Oddly enough Germany and the small satellite states around it have increased their industrial output, which in most cases they surely sell in Southern Europe charging it to increased debt. 

The fact that France and Italy are not exempt (at all) from these bad figures (not either from low growth in general nor increased debt) offers at least some hope because the states affected negatively by the bad German-led EU policies makes up a vast majority of EU citizens, specially of those in the Eurozone. But France and Italy, and Spain too, should begin forging an alliance against the bad EU policies and not just bow to German hegemony. 

In fact, they either face Germany upfront or they are done because by now it is clear that Germany holds no interest in a EU of equal partners in which the interests of all are treated equally but one in which the Germanic powers are hegemonic and treat the rest as mere colonies: Hitler's dream.

But the blame must fall also on Latin (and other peripheral) Europeans for not realizing what they were signing to. At least the French voted "no" to the Euro-scam in 2005 but the Spaniards were so blind that only the Basques opposed. My conservative brother, who has pro-Spanish ideology also, argued that he was against the constitution but that he believed that Spaniards should not appear as opposing the EU, that such role should be of others. What a cowardice and duplicity! But I presume that Spaniards in general genuinously believed that the EU was a desirable project, even if the constitution included no bill of rights whatsoever nor made the decision-making process more democratic at all.

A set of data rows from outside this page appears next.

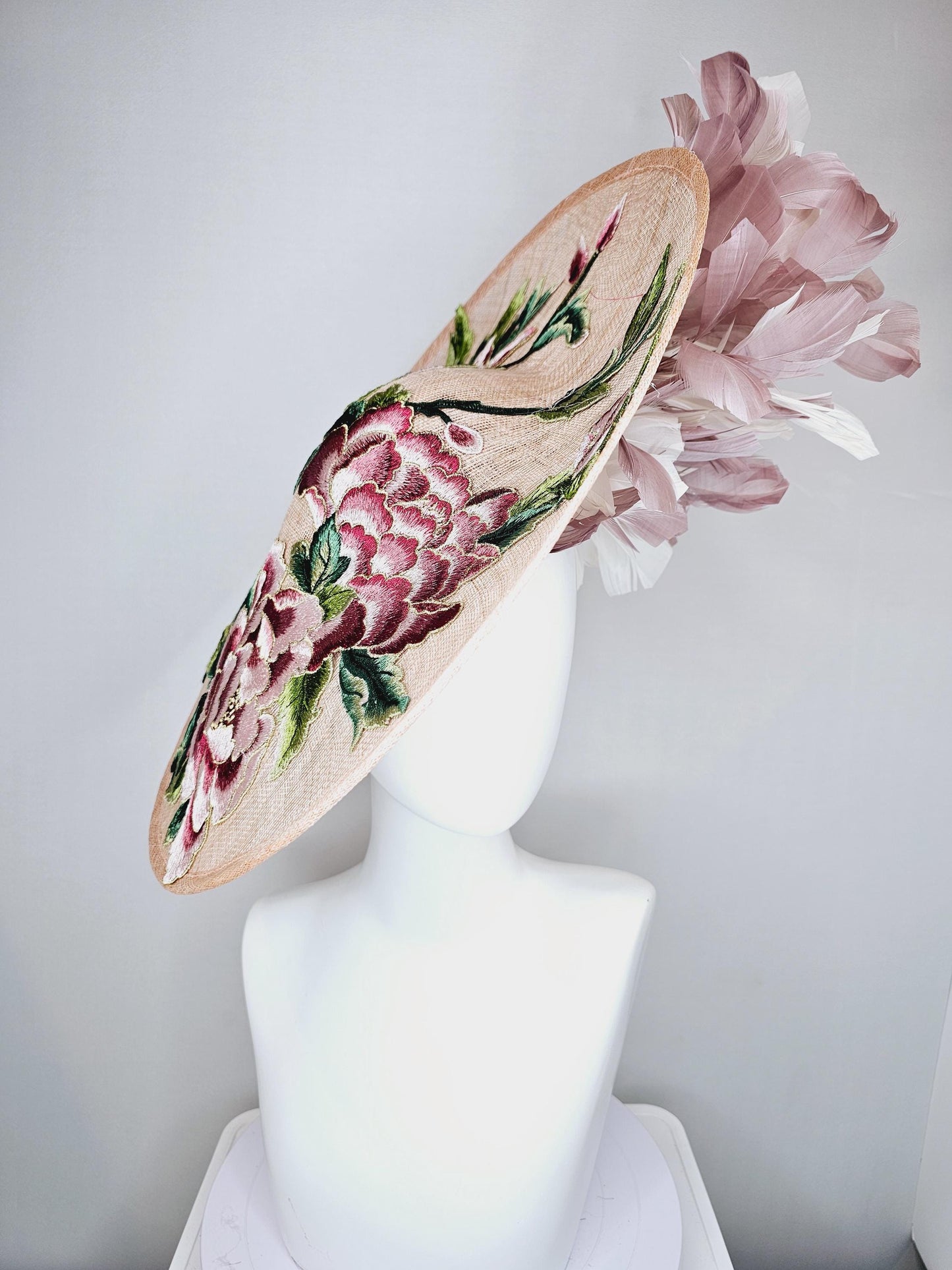 kentucky derby hat fascinator taupe beige neutral large saucer sinamay,with pink,burgundy,white floral embroidered,white dusty pink feathers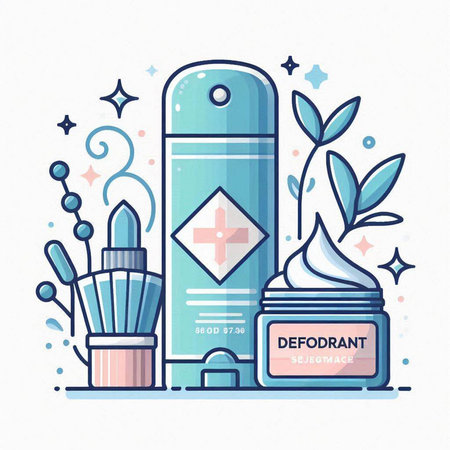 Cosmetic products and tools. Vector illustration in thin line style.のイラスト素材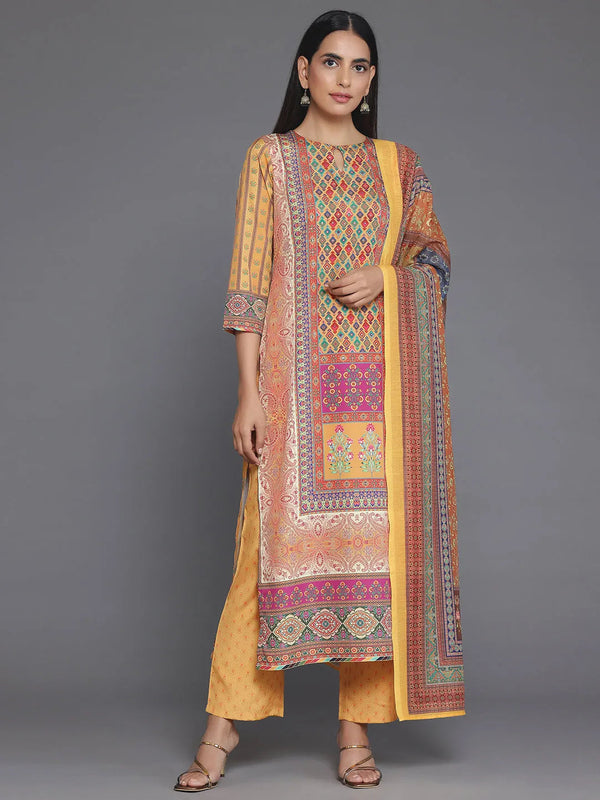 Mustard Printed Poly Crepe Straight Suit With Dupatta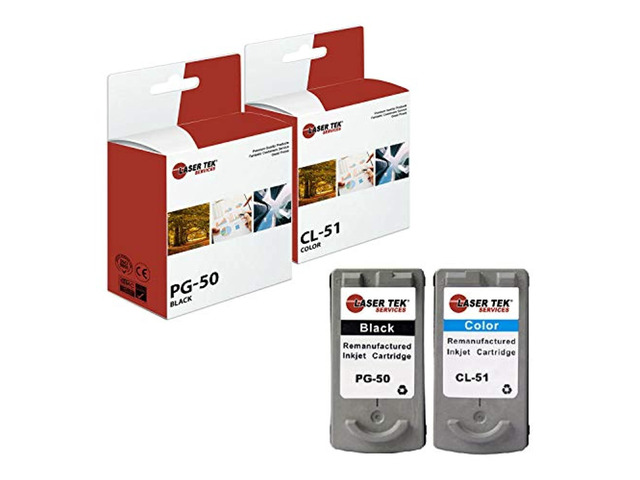 laser tek services compatible canon pg-50 cl-51 high yield ink cartridge replacement for canon pixma mp150 mp160 mp170 mp180, i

I voted against, you can imagine. And not because I am against a continental confederation but because I am for a democratic and socialist one, and not this rotten nest of vampires.

Shame on us, shame on Europeans for not being able to force things straight, for bowing to the predetermined plans of our Capitalist masters. 

Now we pay for it.

The data is horrible also for the future because youth unemployment is extreme: 


As a Portuguese mentions in the associated article: the prospect for many is to get occasional jobs while young and then stop being hired altogether after hitting the 40s, still 20 or more years away from a retirement that will never come in any proper terms. 

It does not matter if you have a degree in Physics and speak several languages, as the Catalan interviewee, who is forced to live with his parents for lack of a job: there are simply no jobs, there were never many but now is much worse. 

And don't deceive yourself by colors above, green states like France, Belgium or Finland are still bad with youth unemployment figures above 20% in most cases. It's not the extreme Spanish case but it's still very bad. We must not get used to people not being able to find jobs - even if it actually happens that no so many workers are needed, then we MUST proceed to a leisure society in which work is split more or less equally and benefits are as well. We cannot accept that maybe as many as half the people is condemned to marginality just because the system does not work. 

In brief: the Capitalist system on which the European Union we know of was built cannot deliver anymore. In addition to that the European Union has a too strong pro-German bias, even for Capitalist parameters, and the euro is extremely overvalued. Something must be done: if within Capitalism, devalue the euro a lot, even if that means kicking Germany out of it; if beyond Capitalism... then the options are wide open and hope may be restored completely. But that first needs to permeate in the consciences of Europeans and people around the World in general.